A Michigan Teen Gets a Lucky Shot at Life
A teen is shot four times, but a previous injury surprisingly saves her life.
June 14, 2007 — -- It was the radio call no police officer ever wants to hear: a report of a shooting at a high school with one person dead.
Police Officer Chad Schieber was the first on the scene at H.H. Dow High School in Midland, Mich., where 17-year-old David Turner was dead from a self-inflicted wound to the head. His girlfriend, 17-year-old Jessica Forsyth, lay on the ground with multiple gunshot wounds, but was still conscious.
Forsyth had been shot at close range. Her mother, Rhonda Poston, who witnessed the shooting from her car, held Forsyth's body, trying to simultaneously stop the blood and distract her daughter.
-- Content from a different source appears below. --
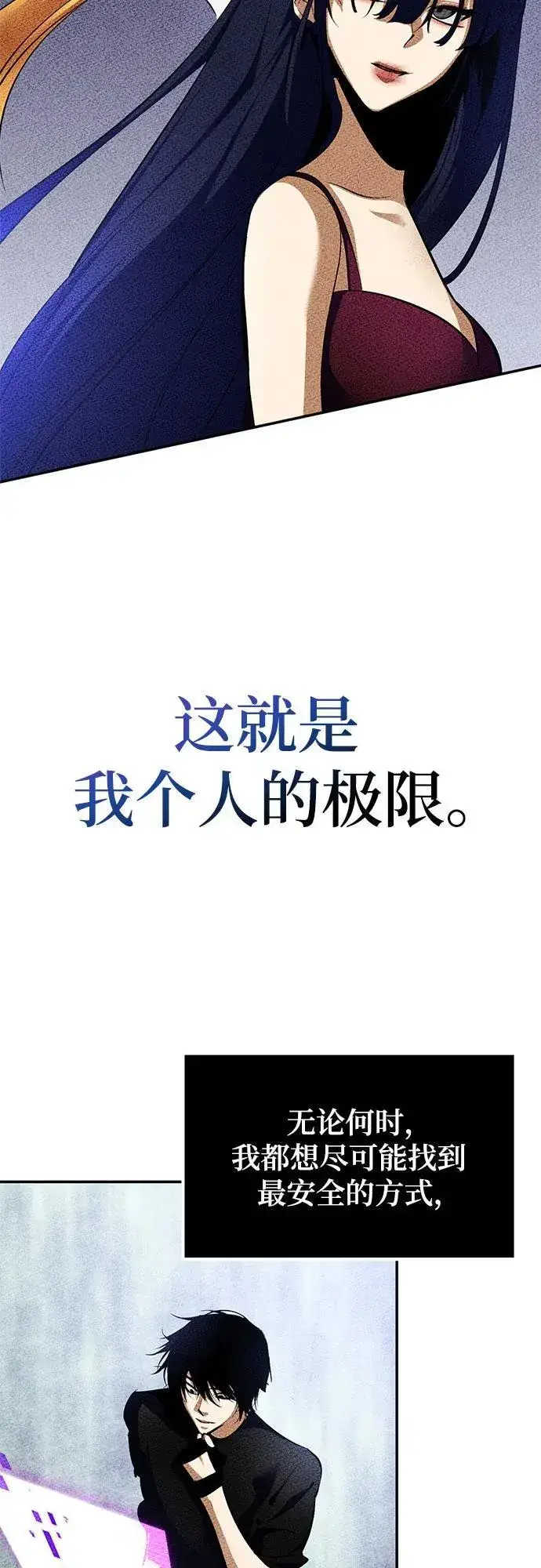 漫画《重生最强玩家》[第194话] 七宗罪（3）第5张图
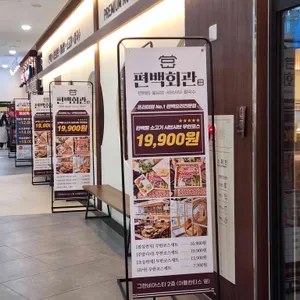 편백회관 리뷰 사진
Poston held her hand over the smoke that was coming out of Forsyth's back, where a bullet had punctured her skin. Forsyth repeatedly screamed to her mom, "I don't want to die. I don't want to die."
Miraculously, Forsyth survived, not just because her mother was there to care for her, but because of an extraordinary bit of luck she had been carrying with her for years: a six-inch titanium plate in her collar bone.
Her lucky charm was the result of a stream of bad luck. When she was 8 years old, Forsyth broke her collarbone when her brother pushed her off a merry-go-round. Five years later, when Forsyth was 14 years old, she fell off her bike and broke her collarbone again. This time, the bone split in half.
Her injury was so severe that doctors used a titanium plate about the length of a pencil to heal the fracture. Forsyth felt anything but lucky, and for years she tried to hide the scar on her collarbone.
The scar didn't keep Turner from falling in love with her. Their relationship started off happily, but when he started having abrupt mood changes, Forsyth said, it began to sour.
"We would break up and then he would ask me back out," she said. "And he would be sweet and I would say, 'Yeah.' And then we would break up again and he would do it again."